# EGTs



## Classy56 (Jul 16, 2014)

Looking for data from users with a pre-turbo EGT sensor and gauge installed and running stock tune. Just wondering if a stock CDI is evn capable of getting to dangerous temps with normal to "spirited" high speed highway-only driving. 
How about pulling a 4 mile 6% grade under hard throttle, then holding a lopey 75-80mph?
Not looking to spend the coin on a gauge that'll never see 1200*


----------



## diesel (Jun 8, 2013)

Classy56 said:


> Looking for data from users with a pre-turbo EGT sensor and gauge installed and running stock tune.

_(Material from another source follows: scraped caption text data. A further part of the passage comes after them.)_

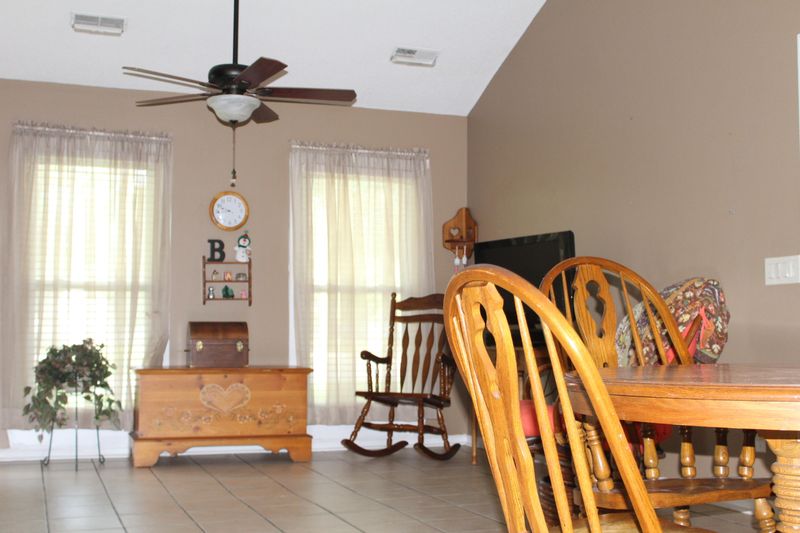 106 Shropshire St, Goose Creek, SC 29445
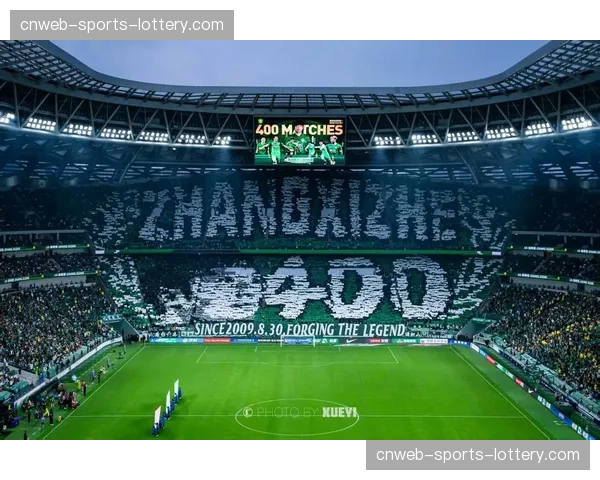 看台:那不勒斯主场为即将迎来百场里程碑的队长迪洛伦佐展示巨型TIFO 看台:那不勒斯主场为即将迎来百场里程碑的队长迪洛伦佐展示巨型TIFO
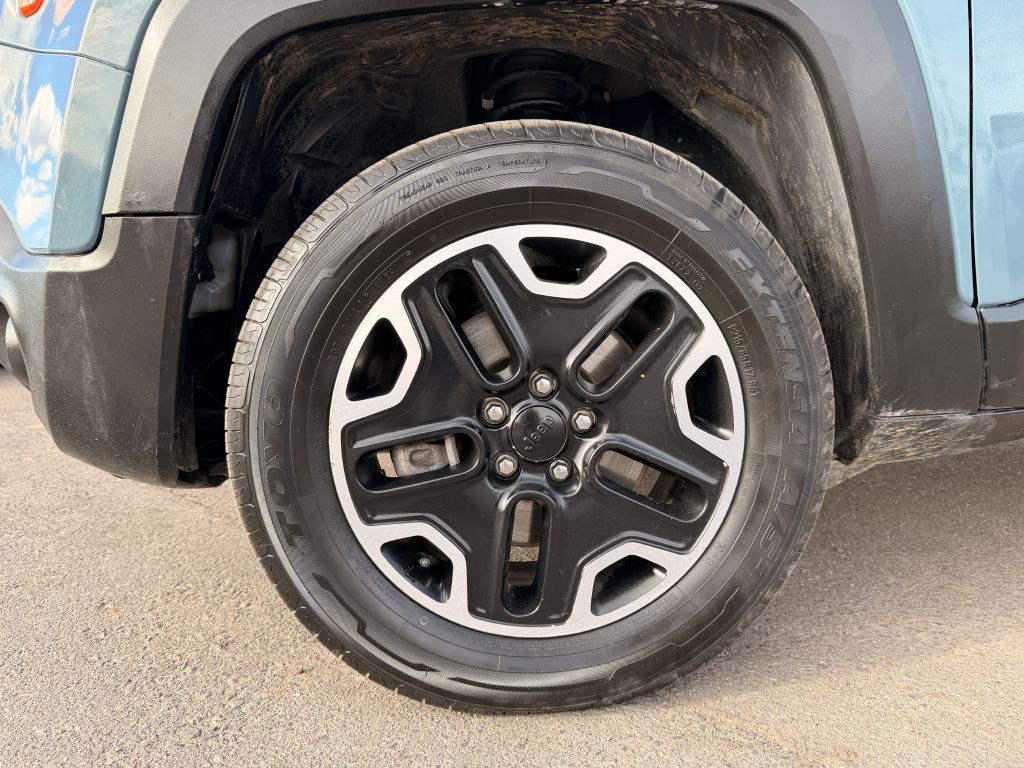 2015 Jeep Renegade Image 28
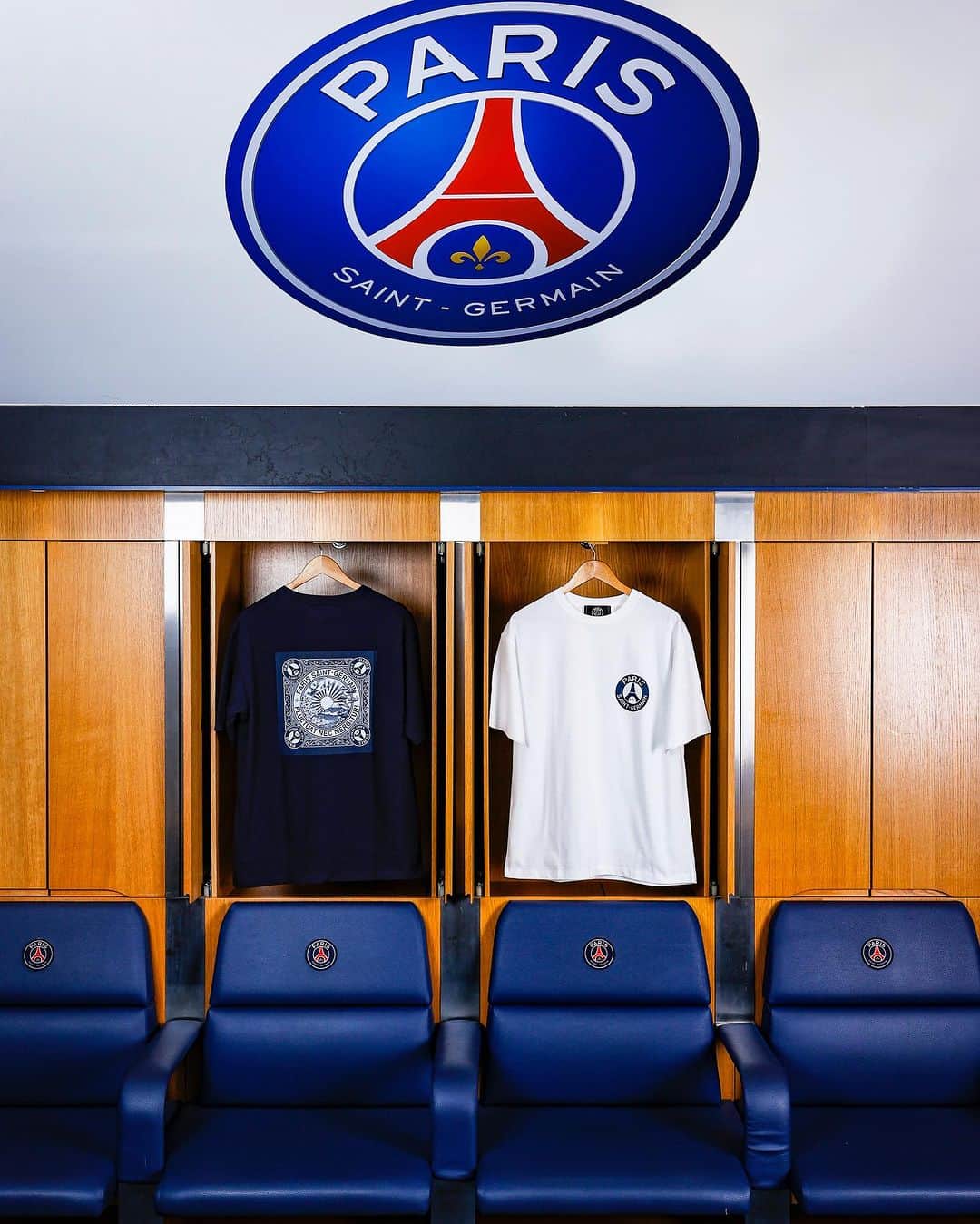 のインスタグラム：「. 【 New arrival 】 ⁡ Paris Saint-Germain×Makoto Yamaki BANDANA プリントTシャツ ⁡ ¥8,800 No. 23071340002310 ⁡ ⁡ ⁡ PARIS SAINT-GERMAIN STORE TOKYO -POP UP STORE- ⁡ ⁡ 今夏、PARIS SAINT-GERMAIN 選手の来日に合わせて、今回のイベントを盛り上げるためPARIS SAINT-GERMAIN STORE TOKYOではスペシャルな商品を多数ご用意。 ⁡ 順次新作が入荷しますので是非お見逃しなく！ ⁡ ⁡ また、エディフィス・417エディフィス・ベイクルーズストアの店舗でもポップアップを期間限定で開催中。 皆さまのご来店お待ちしております。 ⁡ ⁡ #psg #psg_tokyo #パリサンジェルマン #edifice #2023ss」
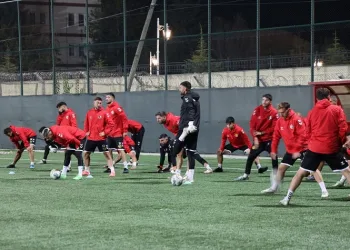 Eskişehirspor evindeki ilk maçta galibiyet istiyor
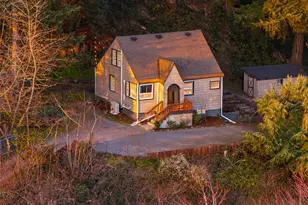 2183 NE 3rd Ave, Camas, WA 98607 - Photo 1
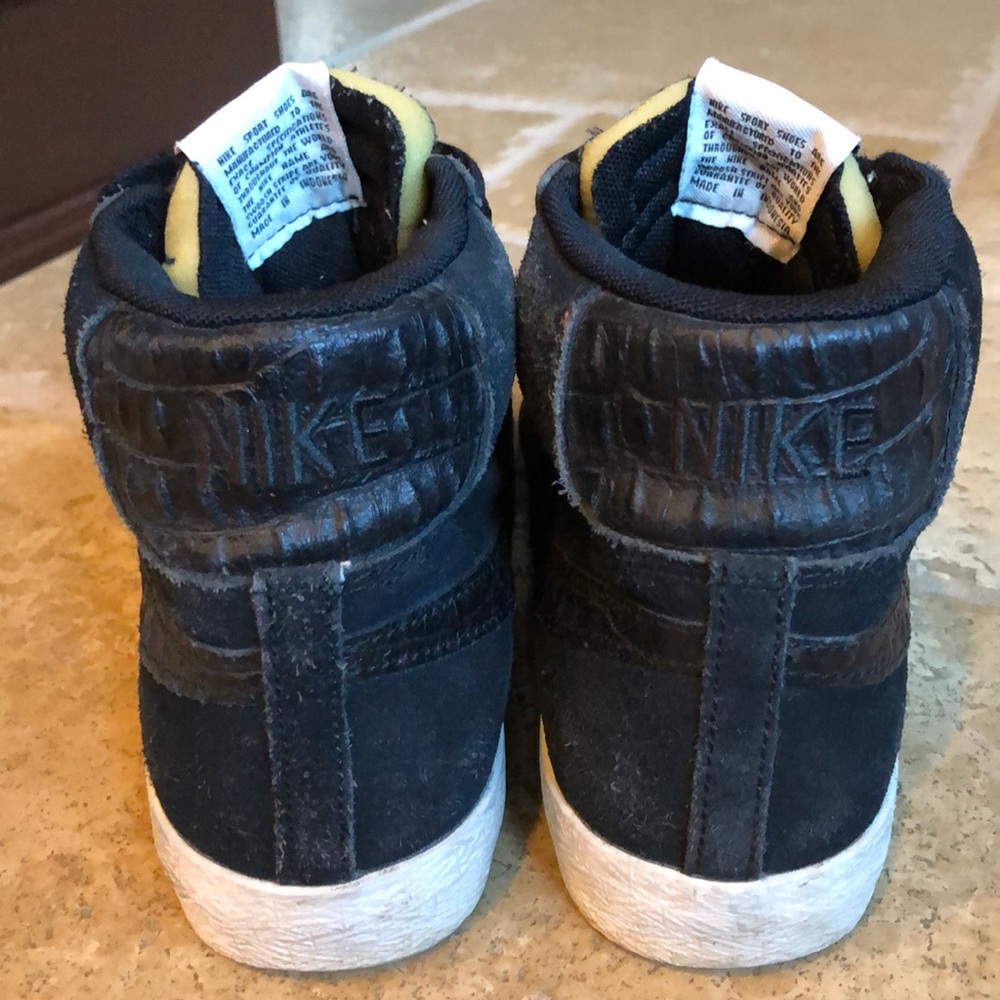 Nike black high tops - Picture 3 of 5
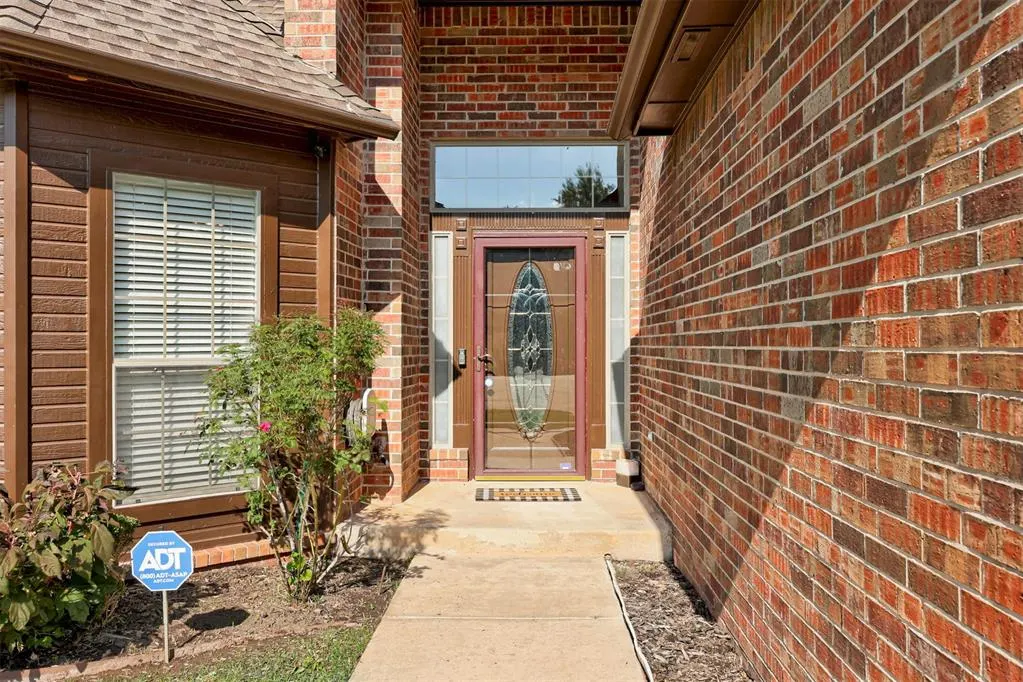 Photo 6 — 1137 Pinehurst Drive, Norman, OK 73072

Just wondering if a stock CDI is evn capable of getting to dangerous temps with normal to "spirited" high speed highway-only driving.
> How about pulling a 4 mile 6% grade under hard throttle, then holding a lopey 75-80mph?
> Not looking to spend the coin on a gauge that'll never see 1200*


I have a heavy foot and have never had any problems with mine. The car will only allow max boost for 10 seconds. I've had quite a few spirited drives when I am sure the turbo was glowing bright red. I have not had any issues at all related to this type of driving.


----------



## KpaxFAQ (Sep 1, 2013)

There is a user here that installed such gauge and reported his findings. The results were it's not worth me installing one as you're never going to get hot enough like a big rig pulling a load up a long grade. If you were going to do towing through mountain passes it might be nice but after all that trouble to make things right with the transmission and monitoring of the turbo you ought to just get a truck...


----------



## XtremeRevolution (Jan 19, 2012)

The EGTs caused by diesel fuels are MUCH lower than that of gasoline fuels. This is a non-issue in the Cruze diesel.


----------



## boneheaddoctor (Dec 10, 2014)

Exactly....Diesels are actually the opposite of gassers when it comes to EGT's. A gasser gets colder on the exhaust as the mixture becomes richer, the Diesel on the other hand normally operates with an excess of oxygen, and gets elevated egt's when excessive fuel is dumped into it (in relation to the amount of oxygen), or seriously lugged down under heavy load. A situation that should never happen on these short of a careless tune. And since the average Joe can't write their own tunes TO MY KNOWLEDGE on the CTD's. Its not likely to happen until then.

A boost failure or blocked air filter (that could cause it too) should throw codes before it happens.


----------



## hondarider552 (Jun 16, 2014)

Ive never seen over 1150* post turbo.


----------